Berlinale menjadi catatan personal mengingat di tengah krisis mati suri film Indonesia, era 1992-1998, sungguh beruntung, empat film saya masuk dalam Berlin Film Festival dalam kategori Forum Des Jungens Films atau ”New Cinema”, sebuah kategori film lebih merujuk daya hidup film independen dan eksperimen. Film Bulan Tertusuk Ilalang (1995) dan Surat untuk Bidadari (1993) meraih penghargaan Federasi Internasional Kritik Film dalam forum Des Jungens Films. Namun, selalu terlintas dalam diri, kerinduan generasi baru pasca-Reformasi, ketika film Indonesia bangkit, karya anak-anak muda mampu masuk dalam kompetisi utama Berlin Film Festival yang paling bergengsi.
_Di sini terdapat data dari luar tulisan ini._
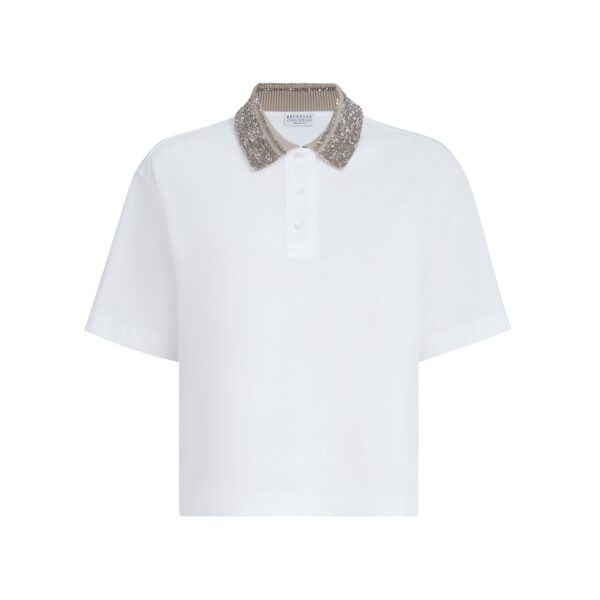 Brunello Cucinelli Polo with dazzling knit collar in White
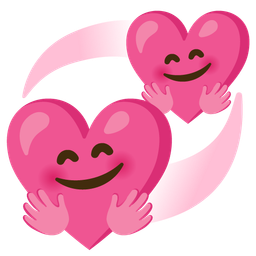 smiling face with open hands and revolving hearts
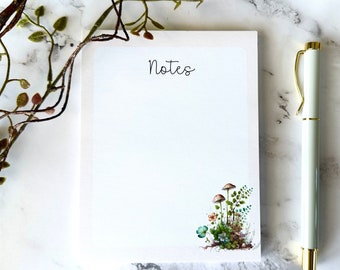 Mushroom Notepad for Teacher, Watercolor Vintage Mushroom Memo Pad, Mushroom Lover Stationery, Forager Gift, Cottagecore Desk Decor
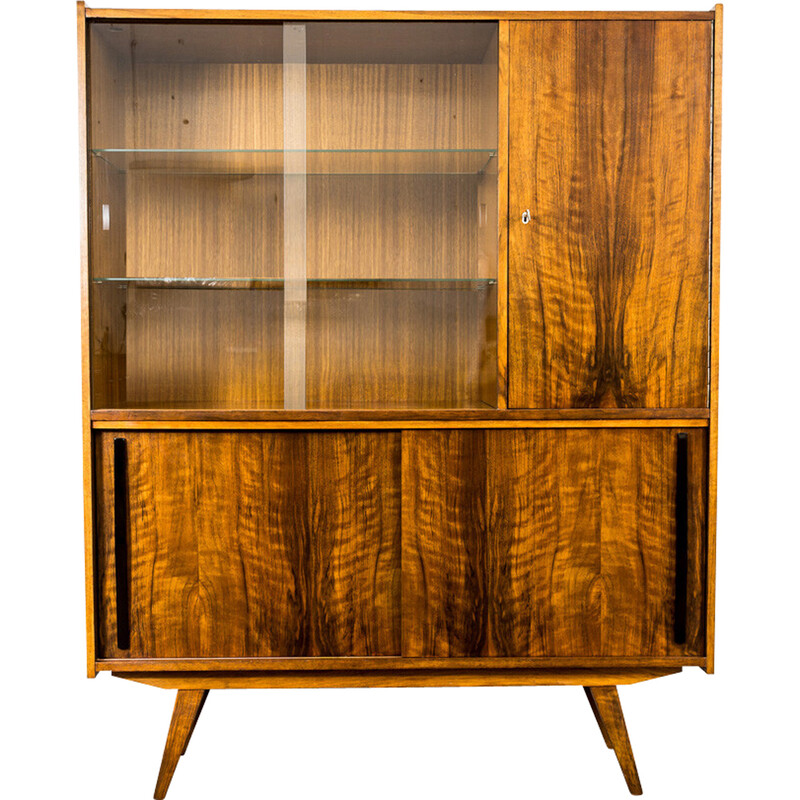 Vintage 1/12 Share Tweet Pinterest walnut display cabinet by Słupskie Fabryki Mebli, 1960s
Meski harus dicatat, beberapa film Indonesia lainnya telah mencatatkan diri masuk dalam beragam kategori di Berlin Film Festival, sebutlah antara lain film Lovely Man karya Teddy (2012).
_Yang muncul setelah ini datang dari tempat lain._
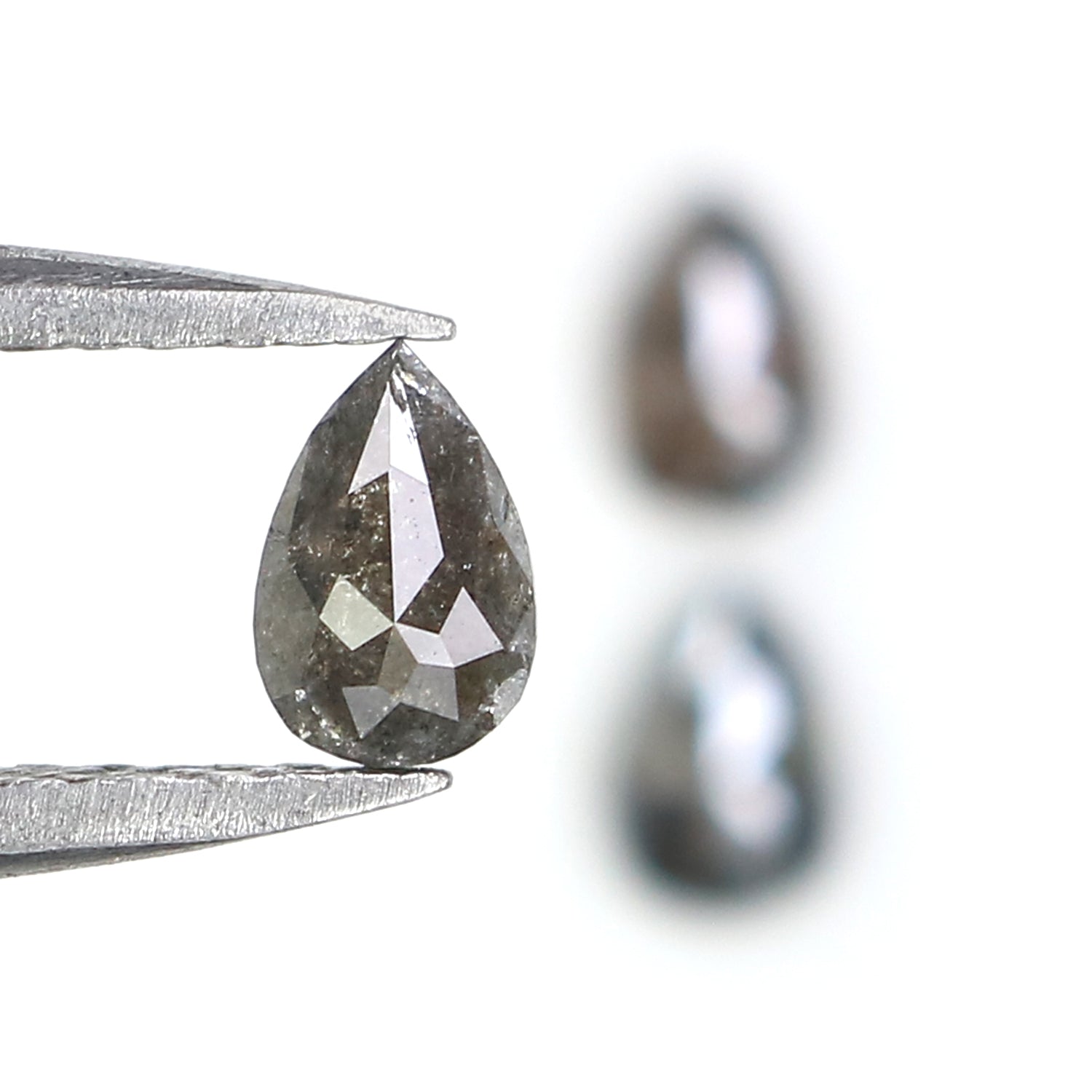 0.60 CT Natural Loose Pear Shape Diamond Salt And Pepper Pear Diamond 4.55 MM Natural Loose Black Grey Color Pear Rose Cut Diamond KQ2700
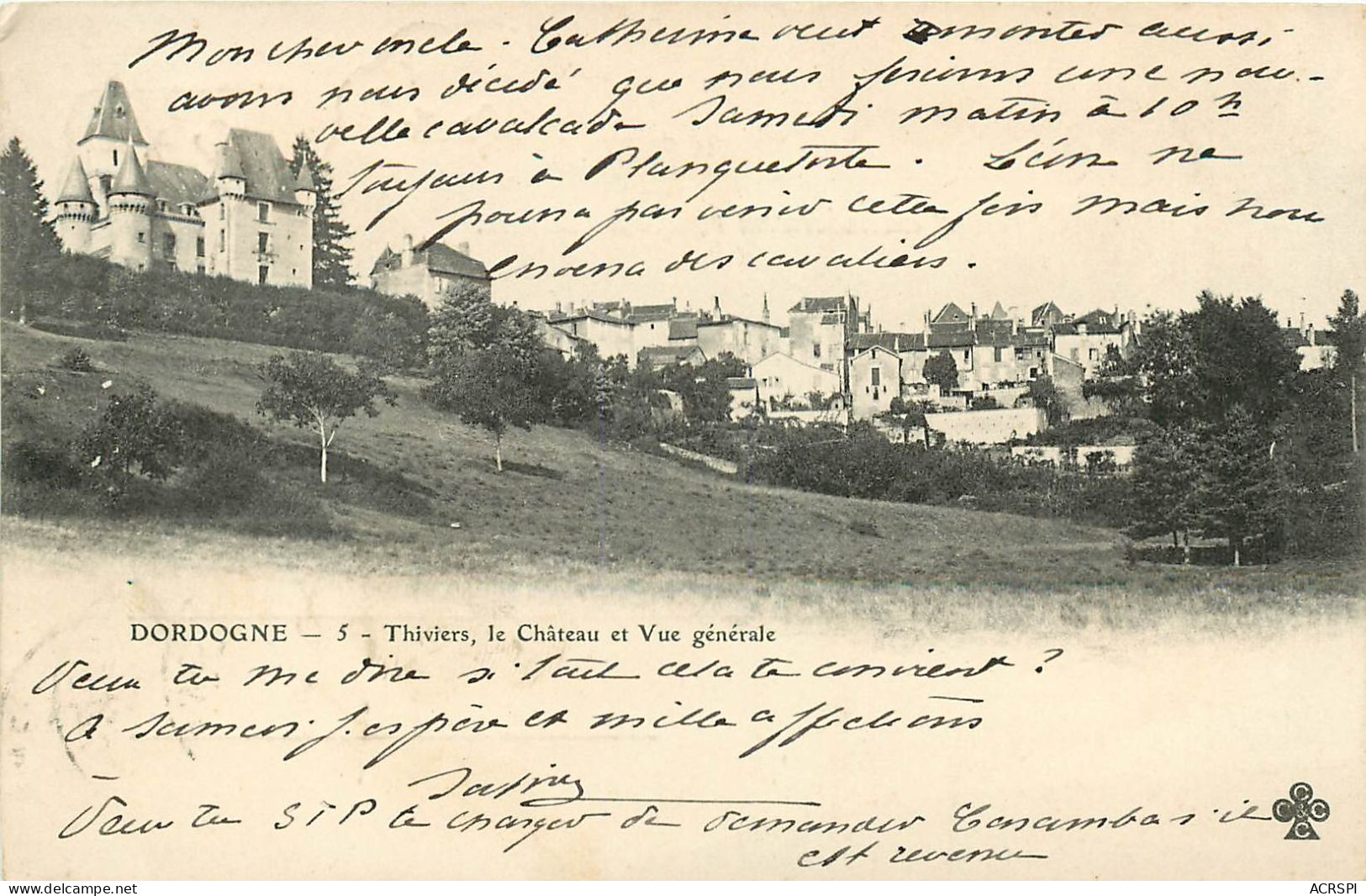  DORDOGNE THIVIERS LE CHATEAU ET VUE GENERALE   (scan Recto-verso) KEVREN0316 - Thiviers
Sungguh luar biasa, pasca-Reformasi ditandai dengan prestasi Edwin, mampu memelopori untuk masuk dalam kompetisi utama Berlin Film Festival lewat film Postcards From The Zoo (tahun 2012). Bahkan, tidak terduga, sepuluh tahun kemudian, tahun 2022 ini, Kamila Andini menjadi perempuan pertama Indonesia dan ASEAN pasca-Reformasi yang mampu masuk kompetisi utama di Berlin, bahkan Laura Basuki meraih Silver Bear untuk kategori Best Supporting Performance, sebuah kategori baru Berlin Film Festival, menjadikannya perempuan pertama di dunia yang meraih penghargaan itu.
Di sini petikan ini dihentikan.